Der Landesverband steht denn auch wie kein anderer für das Projekt „Die Linke“. Doch die Euphorie der Anfangsjahre ist weitergezogen – hin zu den Piraten, die jetzt von jener Aufbruchstimmung beflügelt werden, die früher die Linke trug.

Bei den vergangenen beiden Landtagswahlen war Rainer Sauer noch selbst mit dabei. 2005 trat der Ex-SPDler für die von ihm mitgegründete WASG an, nach der Fusion mit der PDS kandidierte der frühere Gewerkschaftssekretär 2010 für die Linkspartei. Ende März ist er als Vorsitzender im Stadtverband Bocholt zurück- und zusammen mit vier Getreuen aus der Partei ausgetreten. Seine Frau Bärbel nahm ihr Stadtratsmandat mit. Nun bereiten sie sich mit der neuen „Initiative für soziale Gerechtigkeit“ auf die Kommunalwahl 2014 vor.

Es sind nicht die großen politischen Linien, die zum Zerwürfnis der Sauers mit der Linkspartei geführt haben. Die Gründe sind lokaler Natur. Die Rede ist von „schweren Anfeindungen durch Mitglieder dieses Kreisvorstandes“, der die Arbeit des Stadtverbandes „systematisch bekämpft“ habe. Es geht wohl nicht zuletzt um persönliche Animositäten. So wie in etlichen Orten, wo einfach die Chemie nicht stimmte. Ob in Gelsenkirchen, Herne oder Leverkusen: Auf gut 30 schätzt Rainer Sauer die Zahl der Linkspartei-Fraktionen, welche die Partei in NRW inzwischen ganz oder teilweise verlassen haben.

Diese Zahl will der Landessprecher der Linken, Hubertus Zdebel, nicht bestätigen. Er spricht lieber von „singulären Ereignissen“ aufgrund von „örtlichen Problemen“. Aber auch er bestreitet nicht eine „immense Fluktuation“ innerhalb der Mitgliedschaft. „Das gehört zu der schwierigen Phase, in der sich die Partei befindet“, sagt Zdebel.

Ohne Rücksicht auf Verluste

Die Linkspartei zahlt nun den Preis für ihr rasantes Wachstum: Als sich WASG und Linkspartei im Sommer 2007 vereinigten, hatten sie in Nordrhein-Westfalen zusammen gerade einmal 4.500 Mitglieder. Nur zwei Jahre später waren es bereits 8.200. Zu den Kommunalwahlen im Sommer 2009 trat die Partei mit mehr als 4.200 Kandidaten an. Nach der Landtagswahl 2010 zählte der Landesverband knapp 9.000 Mitglieder. Doch seitdem geht es bergab. Mittlerweile sind es nur noch 7.900, Tendenz fallend. Um einige der verlorenen Mitglieder sei es schade, sagt Zdebel. Bei anderen sei er aber auch froh, dass sie gegangen sind.

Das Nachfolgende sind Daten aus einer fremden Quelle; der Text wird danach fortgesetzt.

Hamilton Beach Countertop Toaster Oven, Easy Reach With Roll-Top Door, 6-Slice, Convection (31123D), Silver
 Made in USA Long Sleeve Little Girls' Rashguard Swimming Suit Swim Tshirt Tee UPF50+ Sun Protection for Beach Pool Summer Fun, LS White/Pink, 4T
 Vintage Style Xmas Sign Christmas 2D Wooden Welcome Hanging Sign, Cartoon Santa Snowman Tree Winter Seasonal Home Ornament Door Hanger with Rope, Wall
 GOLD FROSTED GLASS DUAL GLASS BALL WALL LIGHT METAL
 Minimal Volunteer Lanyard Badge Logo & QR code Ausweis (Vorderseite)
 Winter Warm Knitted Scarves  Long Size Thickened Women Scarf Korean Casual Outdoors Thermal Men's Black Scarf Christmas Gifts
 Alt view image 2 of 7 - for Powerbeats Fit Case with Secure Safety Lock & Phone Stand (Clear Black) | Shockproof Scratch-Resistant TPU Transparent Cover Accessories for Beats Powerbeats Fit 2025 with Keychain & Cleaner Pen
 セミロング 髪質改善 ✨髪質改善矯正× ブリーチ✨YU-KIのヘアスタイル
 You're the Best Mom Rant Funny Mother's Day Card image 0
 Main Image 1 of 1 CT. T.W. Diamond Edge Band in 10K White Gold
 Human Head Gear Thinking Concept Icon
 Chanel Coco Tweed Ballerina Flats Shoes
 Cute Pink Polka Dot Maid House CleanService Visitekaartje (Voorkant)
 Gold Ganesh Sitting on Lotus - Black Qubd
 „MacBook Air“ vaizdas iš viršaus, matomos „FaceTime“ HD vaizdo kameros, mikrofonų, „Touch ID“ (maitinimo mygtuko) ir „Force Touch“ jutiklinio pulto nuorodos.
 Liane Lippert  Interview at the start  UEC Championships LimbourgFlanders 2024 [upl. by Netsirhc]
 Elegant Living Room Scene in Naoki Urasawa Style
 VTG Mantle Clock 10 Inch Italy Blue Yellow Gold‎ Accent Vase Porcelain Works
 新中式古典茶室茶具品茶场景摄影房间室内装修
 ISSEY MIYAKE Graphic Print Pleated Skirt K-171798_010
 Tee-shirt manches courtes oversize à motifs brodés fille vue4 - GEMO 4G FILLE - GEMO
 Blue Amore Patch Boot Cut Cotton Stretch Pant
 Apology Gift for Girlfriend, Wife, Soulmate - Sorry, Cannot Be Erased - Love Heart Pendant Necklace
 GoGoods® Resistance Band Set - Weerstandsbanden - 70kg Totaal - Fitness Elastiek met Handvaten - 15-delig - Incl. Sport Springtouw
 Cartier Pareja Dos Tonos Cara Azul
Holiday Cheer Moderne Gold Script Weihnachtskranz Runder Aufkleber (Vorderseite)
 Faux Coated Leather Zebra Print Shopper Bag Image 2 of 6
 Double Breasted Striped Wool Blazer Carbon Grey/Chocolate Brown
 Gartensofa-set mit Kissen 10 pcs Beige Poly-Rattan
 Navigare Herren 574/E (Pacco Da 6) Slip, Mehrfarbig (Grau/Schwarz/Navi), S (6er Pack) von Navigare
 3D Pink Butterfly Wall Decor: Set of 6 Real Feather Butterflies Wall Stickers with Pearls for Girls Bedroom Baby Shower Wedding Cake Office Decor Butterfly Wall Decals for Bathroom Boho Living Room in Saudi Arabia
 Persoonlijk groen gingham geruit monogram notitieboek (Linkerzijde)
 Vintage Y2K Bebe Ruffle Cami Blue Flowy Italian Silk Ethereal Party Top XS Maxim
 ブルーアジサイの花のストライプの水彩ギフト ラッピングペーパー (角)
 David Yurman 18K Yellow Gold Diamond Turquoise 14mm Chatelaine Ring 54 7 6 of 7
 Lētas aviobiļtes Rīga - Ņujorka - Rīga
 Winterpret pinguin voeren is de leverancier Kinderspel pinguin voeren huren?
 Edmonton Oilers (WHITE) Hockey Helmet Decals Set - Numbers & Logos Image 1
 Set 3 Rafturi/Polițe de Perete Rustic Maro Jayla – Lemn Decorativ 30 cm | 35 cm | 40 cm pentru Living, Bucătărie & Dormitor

Zdebel meint damit jene Karrieristen, Politdesperados und Querulanten, die die Aussicht auf Posten und Mandate in die Partei spülte. Manche sind inzwischen zu neuen Ufern aufgebrochen, zu den Piraten etwa. Doch das wäre eine zu einfache Erklärung für den Mitgliederschwund. Es ist auch das fehlende Konfliktmanagement. Da werden selbst läppische Konflikte mit härtesten Bandagen und ohne Rücksicht auf Verluste ausgefochten. Die Partei sei dabei, „sich selber zu zerlegen“, beklagte die Erwerbslosenaktivistin Margit Marion Mädel, Gründerin des Sozialen Zentrums Höxter, in ihrem Austrittsschreiben. Mitglieder würden „gemobbt, diffamiert, denunziert, beleidigt, ausgegrenzt“.

In wohl allen westlichen Landesverbänden gibt es ähnliche Probleme im Umgang miteinander. Von einem komplizierten Konsolidierungsprozess spricht Zdebels Co-Sprecherin Katharina Schwabedissen. „Was wir versäumt haben, ist, kontinuierlich Parteiaufbau vor Ort zu machen“, räumt sie ein. Die Partei müsse „eine Alltagspartei werden und das gleichzeitig verbinden mit parlamentarischer Arbeit, das ist noch ein langer Weg“.

Die Frage ist nur, ob sie noch genug Zeit für diesen Weg hat. Im Fall des nicht gerade unwahrscheinlichen Scheiterns bei der Landtagswahl am Sonntag steht das gesamte Westprojekt auf der Kippe. Doch Spitzenkandidatin Schwabedissen gibt sich auch nach dem 2,2-Prozent-Desaster in Schleswig-Holstein unverdrossen zuversichtlich: „Das wird total eng, aber wir schaffen es.“ Und wenn nicht? „Die Grünen sind auch immer wieder aus Landtagen herausgeflogen und haben sich wieder berappelt“, sagt Schwabedissen.